____ DATA LISTING

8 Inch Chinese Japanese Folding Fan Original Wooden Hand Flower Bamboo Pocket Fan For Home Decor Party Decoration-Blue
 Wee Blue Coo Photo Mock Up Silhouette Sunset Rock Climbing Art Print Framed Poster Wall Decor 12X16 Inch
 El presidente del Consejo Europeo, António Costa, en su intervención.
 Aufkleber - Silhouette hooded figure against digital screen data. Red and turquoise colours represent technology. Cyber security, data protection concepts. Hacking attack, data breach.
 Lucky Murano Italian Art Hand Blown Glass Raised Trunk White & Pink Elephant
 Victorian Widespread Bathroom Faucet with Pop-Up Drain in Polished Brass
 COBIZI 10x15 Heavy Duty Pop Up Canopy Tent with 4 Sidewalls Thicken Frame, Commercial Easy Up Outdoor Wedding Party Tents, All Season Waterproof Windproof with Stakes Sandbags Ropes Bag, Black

________

### WORK REQUEST
Extract from the listing above the lines between the line containing "Wee Blue Coo" and the line containing "Aufkleber - Silhouette", keeping both of those lines. Output nothing else.

### REPLY TO THE TASK
 Wee Blue Coo Photo Mock Up Silhouette Sunset Rock Climbing Art Print Framed Poster Wall Decor 12X16 Inch
 El presidente del Consejo Europeo, António Costa, en su intervención.
 Aufkleber - Silhouette hooded figure against digital screen data. Red and turquoise colours represent technology. Cyber security, data protection concepts. Hacking attack, data breach.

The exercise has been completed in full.